Nos anos de ferro da ditadura militar surgiu, por inspiração dos que sustentavam o regime de exceção, a expressão ?Brasil, ame-o ou deixe-o?. Seu significado extrínseco era e ainda pode ser convincente, porém seu sentido intrínseco e inspiração refletiam uma batalha ideológica que esvaziava o sentido do apelo. Tentava-se identificar como brasileiros que amavam o Brasil os que apoiavam o regime militar. E deveriam deixá-lo os que se opunham ao regime dos generais, aí sobressaindo as lideranças e militantes de esquerda que sofriam o cárcere, as torturas e os que conseguiam exilar-se. Dentre estes não havia só esquerdistas, mas também homens de centro-esquerda e de centro que lutavam pela restauração da democracia.

São muitos os exemplos e hoje essas vítimas do regime de exceção podem ser encontradas nos partidos de esquerda ou pseudo-esquerda, como o PT, mas também nos de centro-esquerda ou centro, apelidados de neoliberais, como Fernando Henrique Cardoso e José Serra. Ambos viveram no exílio.

A expressão volta a ser lembrada agora num artigo do jornalista Clóvis Rossi, comentando o êxodo de brasileiros e latino-americanos em geral para países mais desenvolvidos, fugindo do caos político, do subdesenvolvimento, da desesperança, da falta de segurança e de oportunidades de trabalho e desenvolvimento. Temos lido e assistido na televisão, quase todos os dias, terríveis histórias de brasileiros, mexicanos e outros latino-americanos presos ao tentarem, como clandestinos, entrar nos Estados Unidos e outros países. Pior do que isso, muitos têm sido mortos nessa batalha por melhores oportunidades, quando deixam para trás os seus países natais e, quase sempre, suas famílias.

Esses latino-americanos também buscam países europeus, como a Grã-Bretanha. Há poucos meses um brasileiro foi assassinado pela polícia britânica, no metrô, confundido com algum terrorista. A versão da polícia britânica não se coaduna com os fatos e revela truculência e, o que nos pareceria inconcebível, incompetência da Scotland Yard. Era um trabalhador brasileiro e nada indicava que pudesse ser ou parecer-se com um terrorista.

Brasileiros também buscam entrar clandestinamente em outros países, dentre eles a Espanha e até o pequeno Portugal. Fazem o caminho inverso de capitais e de milhares de europeus que desde o passado distante até tempos mais recentes vieram buscar uma nova vida no Brasil.
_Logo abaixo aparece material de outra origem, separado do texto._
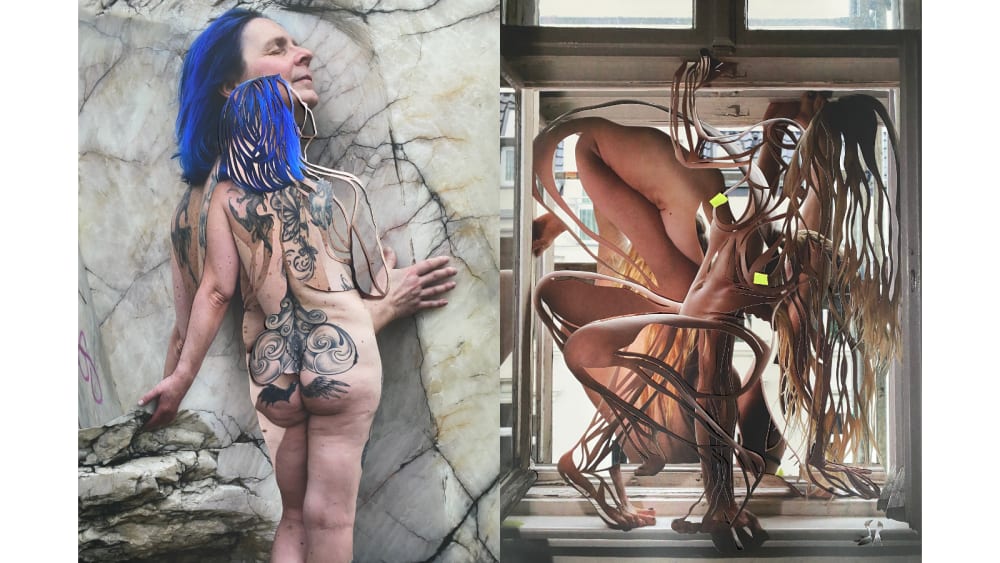 2 collages of women in the nude. On the left, a woman with tattoos with her back to the camera. On the right, a figure bending in front of a window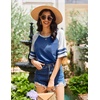 image:imageEkouaer Nightgowns for Women Short Sleeve Sleepshirts Crew Neck Nightshirts Color Block Pajamas Dress Soft SleepwearBlue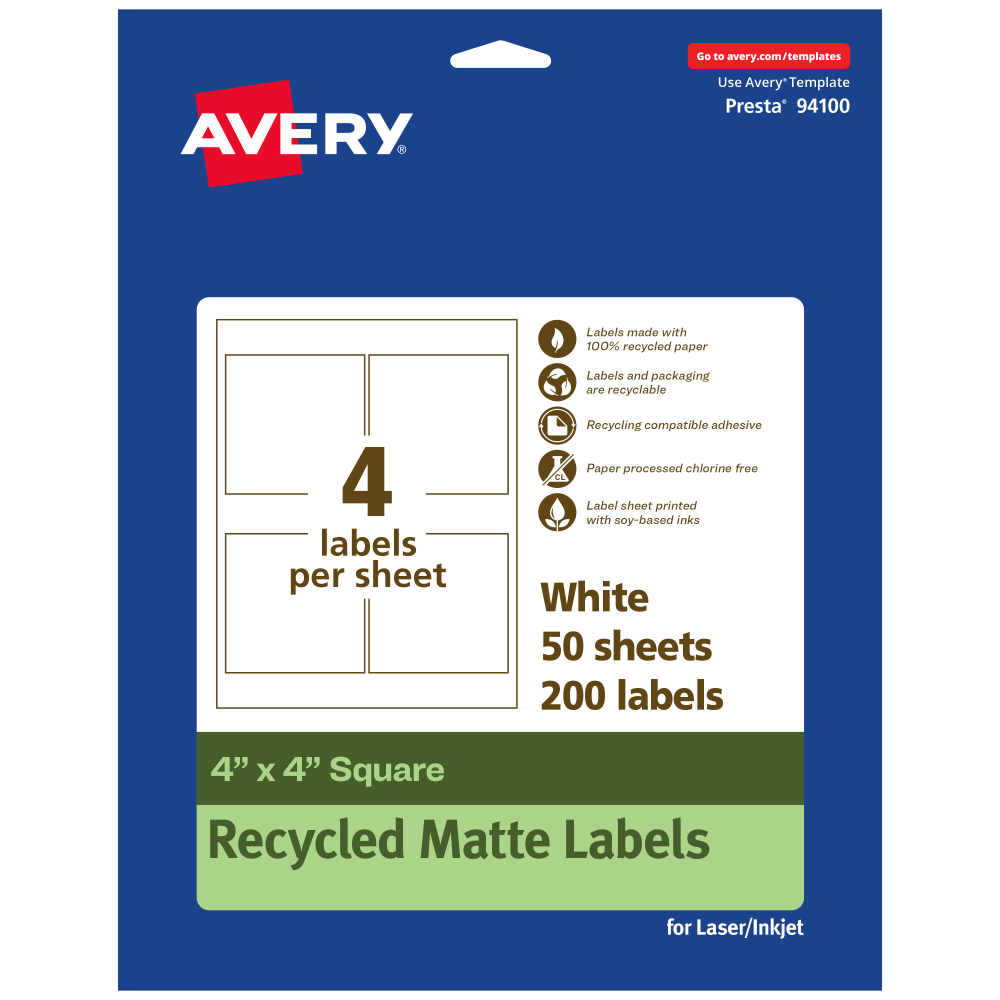 Avery Recycled Paper Labels, 94100-EWMP50, Square, 4in x 4in, White, Pack Of 200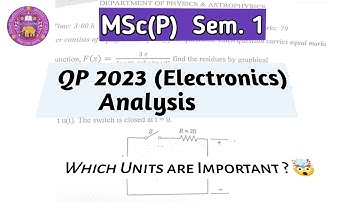 Electronics Question Paper 2023 Analysis|| MSc. Physics Semester 1 ( Delhi University)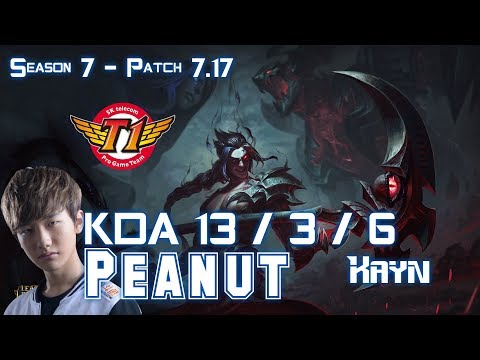 SKT T1 Peanut KAYN vs GRAGAS Jungle - Patch 7.17 KR Ranked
Aí estão também italianos, alemães, poloneses, ucranianos, árabes, japoneses. Por incrível que pareça, as terras das quais recebemos tantos imigrantes, fugindo de guerras e da fome, hoje surgem como tábua de salvação para a nossa gente desesperada. Gente que ainda ama o Brasil, mas precisa desesperadamente lutar para ver uma luz no fim do túnel, pois por aqui não enxergam futuro.

O Anuário da América Latina, preparado pelo Real Instituto Elcano de Estudos Internacionais e Estratégicos, uma fundação independente e privada da Espanha, ofereceu alguns números que revelam quão crescente é essa diáspora brasileira, mexicana e de outros irmãos latino-americanos.

Essa gente que hoje deixa o Brasil, ainda o ama e espera um dia poder voltar. Está na hora de acabarmos com o ufanismo e nossas autoridades, com um pouco de vergonha na cara, trabalharem para que seja possível um idílio do nosso povo com o nosso próprio País.